Asked if he has any second thoughts about his decision not to seek reelection, Dayton said, “No, but ask me in two years and I might have a different view. But I don’t think I will. I feel I made the right decision.”

Then, after a long pause, he added, “I don’t know how to say this. My own inclinations don’t lend themselves to making deals in the Senate. Those closest to the middle, by conviction or conscience, are those able to come out ahead in politics. My own politics are not conducive to that. I’m not good at making backroom deals, so I’m not well-suited for this particular time in this body. It’s a great institution, and I have great respect for the people in it, but I guess I’m not right for the tenor of the times.

“As [Sen.] Pat Roberts [R-Kan.] said when I first got here, everybody gets here for a reason.
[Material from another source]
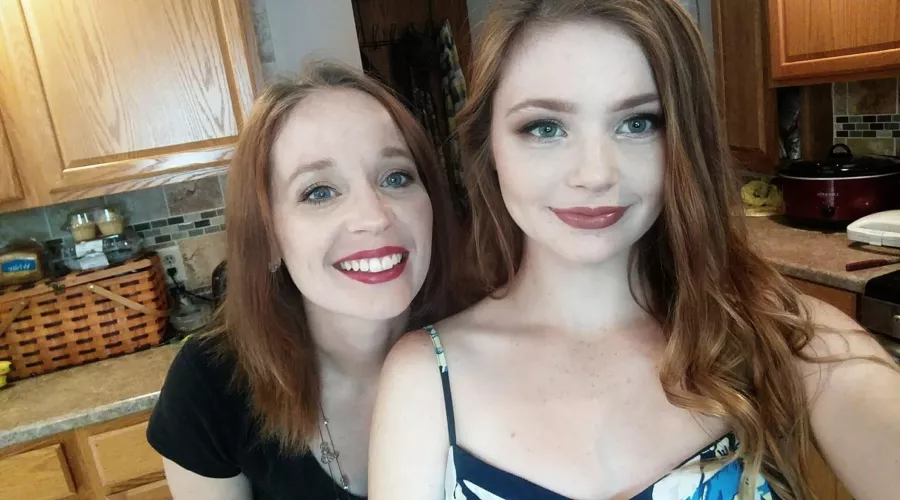 More of my hot friend and her mom trib if you can kik jake_manny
Nobody arrives by accident, and you should look at each member of the Senate as having earned that opportunity. I have a great deal of respect for every member. There’s no reason I should agree with their views or they should agree with mine.”

Dayton said he has no idea what he will do when he leaves the Senate, except that he will return to Minnesota and become involved in some type of public service.

“ I like the job I have now, and I’m going to focus on the time I have left in the Senate,” he said. “I think about it occasionally, and as the time comes I probably will think about it more.”